Dramatic Notes.

Boston Museum. - "Harbor Lights." Harbor Lights, though why it should be so called is not made very plain to the audience, is a sensational play with a well constructed plot, and although some of the characters and situations are worn a little threadbare by constant use, nevertheless are so skillfully managed as to make it seem almost like a new play. The play is well cast and the company appear to better advantage than in the many plays which they have presented.

Boston Theatre. - "Shadows of a Great City," Owing to lack of time we were unable to report this performance. Notice of it will appear in Friday's issue.

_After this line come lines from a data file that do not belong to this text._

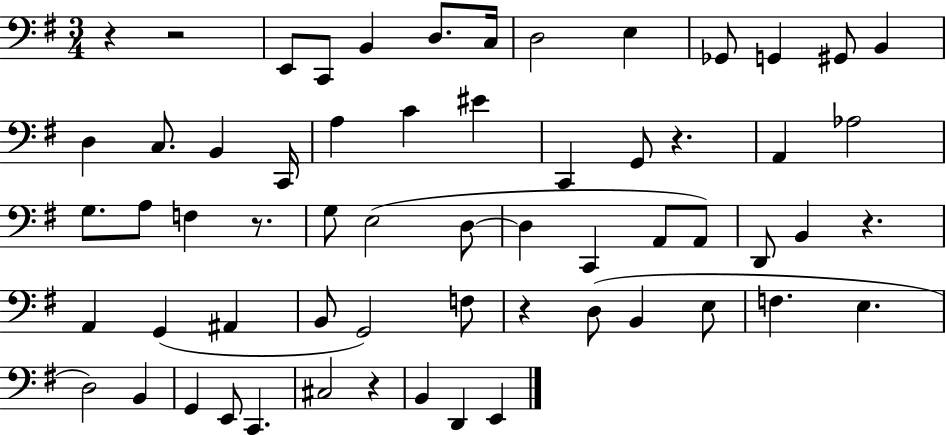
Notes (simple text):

R/q R/h E2/e C2/e B2/q D3/e. C3/s D3/h E3/q Gb2/e G2/q G#2/e B2/q D3/q C3/e. B2/q C2/s A3/q C4/q EIS4/q C2/q G2/e R/q. A2/q Ab3/h G3/e. A3/e F3/q R/e. G3/e E3/h D3/e D3/q C2/q A2/e A2/e D2/e B2/q R/q. A2/q G2/q A#2/q B2/e G2/h F3/e R/q D3/e B2/q E3/e F3/q. E3/q. D3/h B2/q G2/q E2/e C2/q. C#3/h R/q B2/q D2/q E2/q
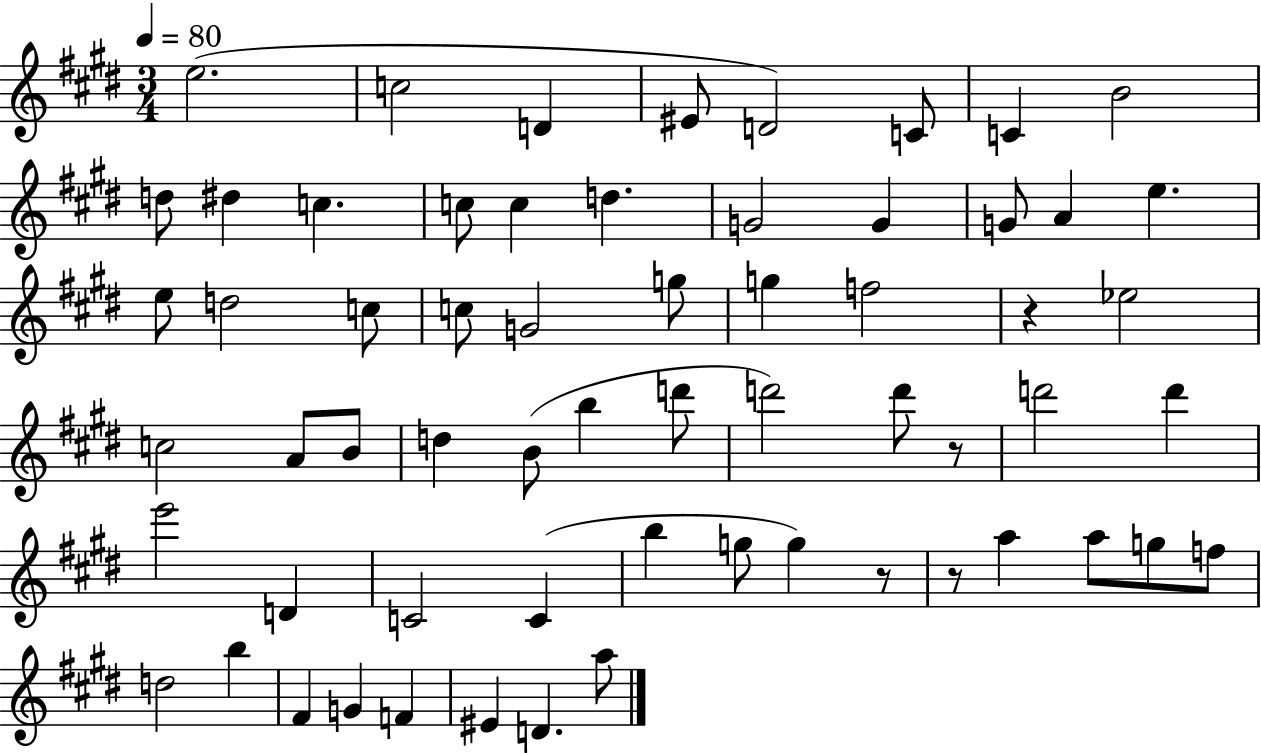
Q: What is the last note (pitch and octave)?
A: A5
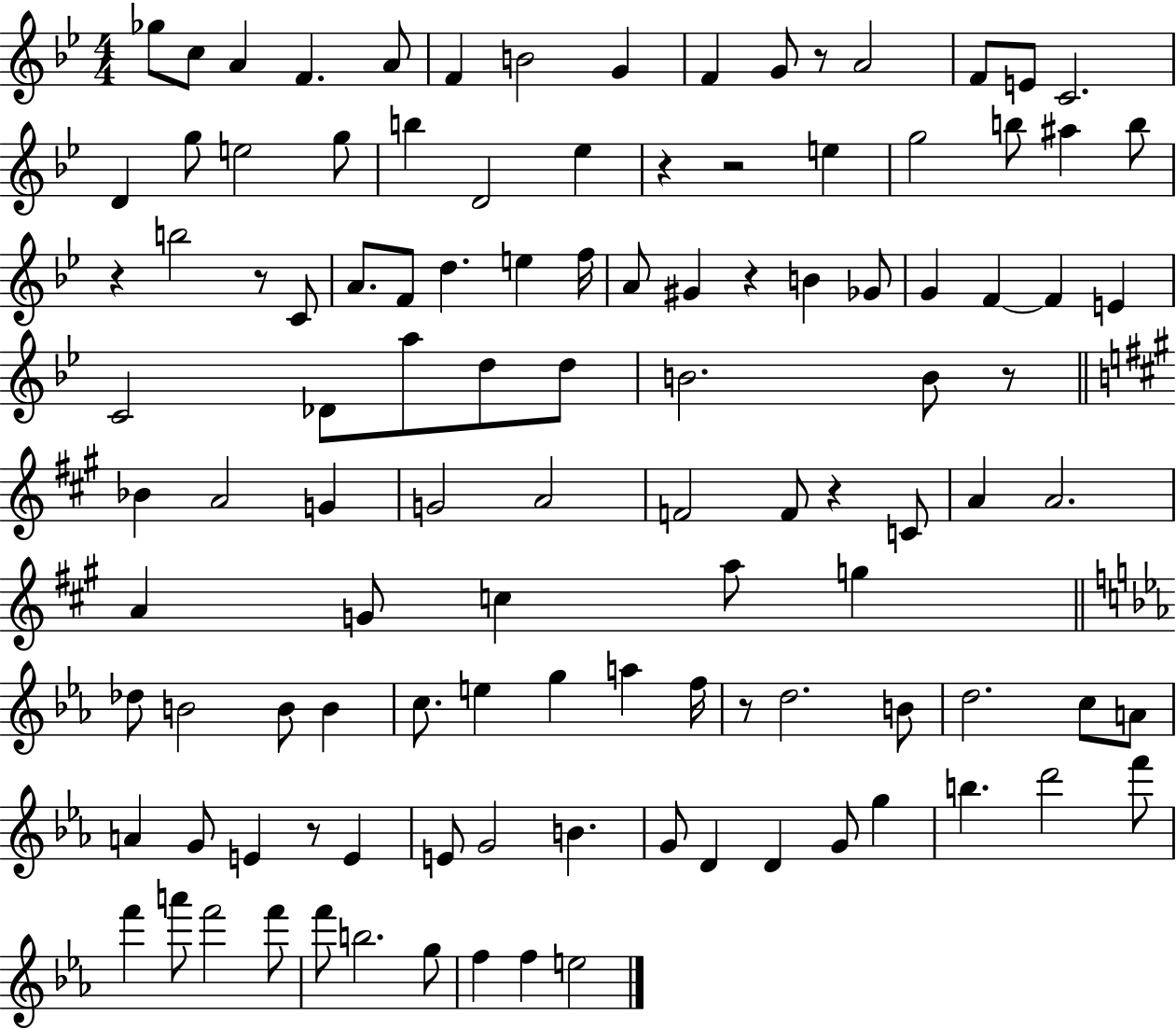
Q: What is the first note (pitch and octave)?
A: Gb5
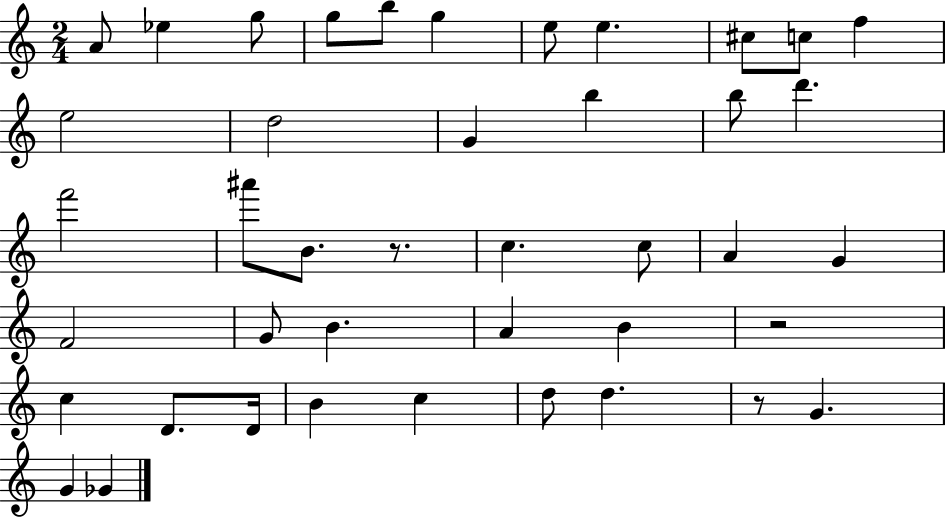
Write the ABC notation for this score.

X:1
T:Untitled
M:2/4
L:1/4
K:C
A/2 _e g/2 g/2 b/2 g e/2 e ^c/2 c/2 f e2 d2 G b b/2 d' f'2 ^a'/2 B/2 z/2 c c/2 A G F2 G/2 B A B z2 c D/2 D/4 B c d/2 d z/2 G G _G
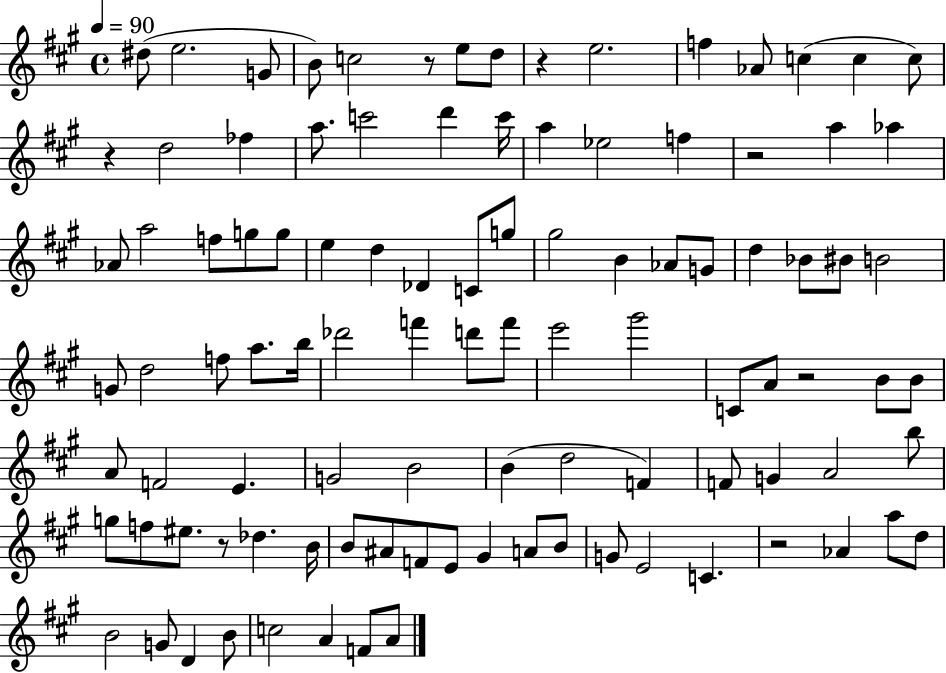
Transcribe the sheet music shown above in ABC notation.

X:1
T:Untitled
M:4/4
L:1/4
K:A
^d/2 e2 G/2 B/2 c2 z/2 e/2 d/2 z e2 f _A/2 c c c/2 z d2 _f a/2 c'2 d' c'/4 a _e2 f z2 a _a _A/2 a2 f/2 g/2 g/2 e d _D C/2 g/2 ^g2 B _A/2 G/2 d _B/2 ^B/2 B2 G/2 d2 f/2 a/2 b/4 _d'2 f' d'/2 f'/2 e'2 ^g'2 C/2 A/2 z2 B/2 B/2 A/2 F2 E G2 B2 B d2 F F/2 G A2 b/2 g/2 f/2 ^e/2 z/2 _d B/4 B/2 ^A/2 F/2 E/2 ^G A/2 B/2 G/2 E2 C z2 _A a/2 d/2 B2 G/2 D B/2 c2 A F/2 A/2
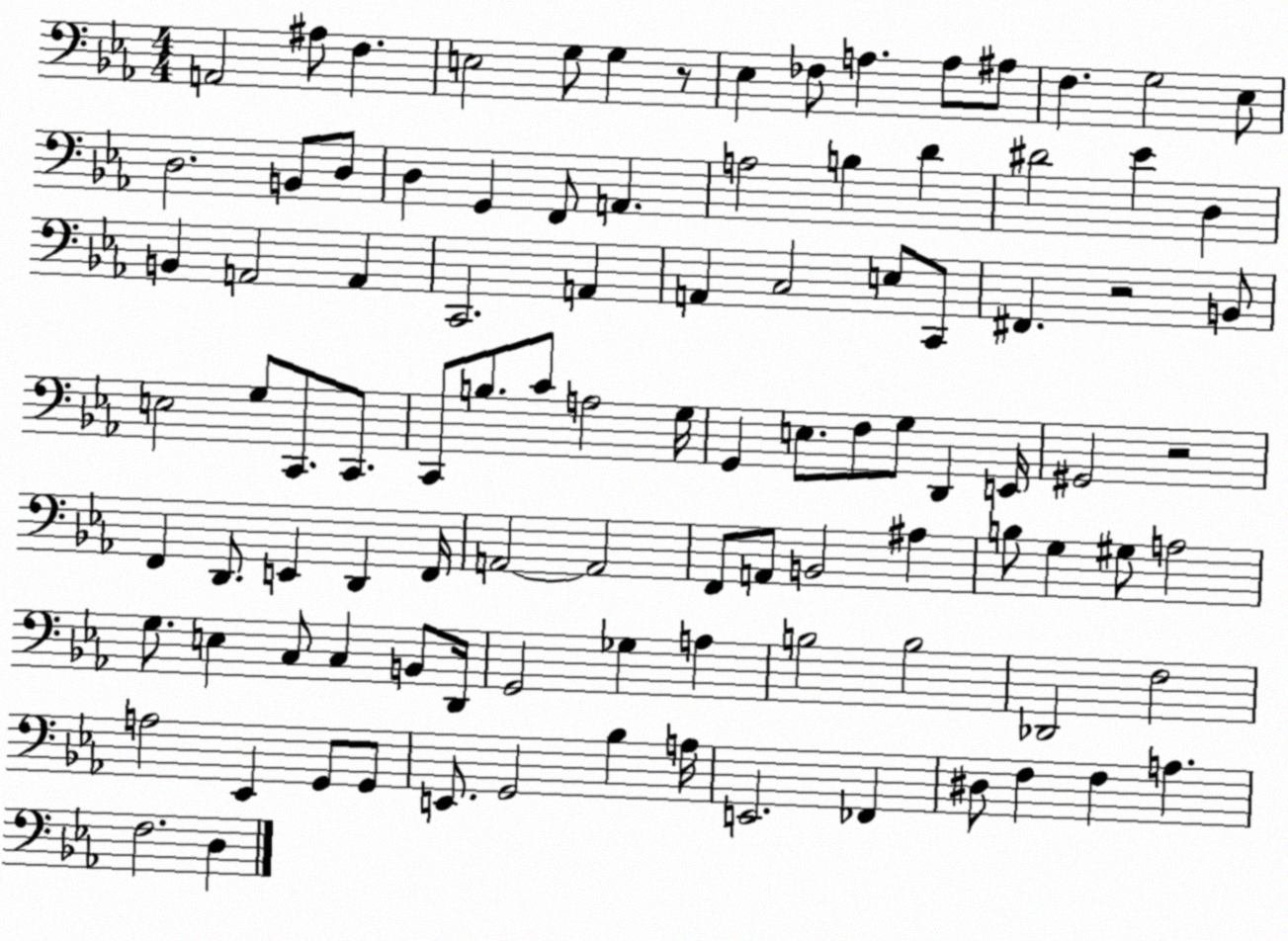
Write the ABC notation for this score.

X:1
T:Untitled
M:4/4
L:1/4
K:Eb
A,,2 ^A,/2 F, E,2 G,/2 G, z/2 _E, _F,/2 A, A,/2 ^A,/2 F, G,2 _E,/2 D,2 B,,/2 D,/2 D, G,, F,,/2 A,, A,2 B, D ^D2 _E D, B,, A,,2 A,, C,,2 A,, A,, C,2 E,/2 C,,/2 ^F,, z2 B,,/2 E,2 G,/2 C,,/2 C,,/2 C,,/2 B,/2 C/2 A,2 G,/4 G,, E,/2 F,/2 G,/2 D,, E,,/4 ^G,,2 z2 F,, D,,/2 E,, D,, F,,/4 A,,2 A,,2 F,,/2 A,,/2 B,,2 ^A, B,/2 G, ^G,/2 A,2 G,/2 E, C,/2 C, B,,/2 D,,/4 G,,2 _G, A, B,2 B,2 _D,,2 F,2 A,2 _E,, G,,/2 G,,/2 E,,/2 G,,2 _B, A,/4 E,,2 _F,, ^D,/2 F, F, A, F,2 D,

Globe Theatre. - "Erminie." This is the first time the Casino Company have appeared outside their own theatre, which seems a pity, as it is a company of such merit. The opera is founded on the story of 'Robert Macaire,' though so very little is left of the original story as to be hardly recognizable. The music and dialogue are bright and taking, and altogether it is one of the best light operas we have seen for a long while.

Park Theatre. - One of Our Girls." In last Sundays issue of the Herald appeared a long article on this play, and as most of our readers have probably read that, we shall not enter into long descriptions. There is room for improvement in several members of the cast and a lack of polish about certain situations, notably the ending of the play, which seems hurriedly done, no doubt will be corrected.

Hollis Street Theatre. - Adonis. Dixey the gay, Dixey the handsome, Dixey the agile, holds possession of the Hollis Street, and has been received with the same furore that attends his first nights wherever he goes. The play abounds in laughable situations, and Mr. Dixey in turn impersonates a statue, a village belle, Mr. Irving, a barber, and a dry goods clerk with infinite ease and cleverness. Mr. Richards' imitations of Couldock and Bouccicault are exceedingly laughable. There is no lack of pretty music, pretty faces and pretty figures. Adonis is like Venice - "See it and die; for you have then seen all."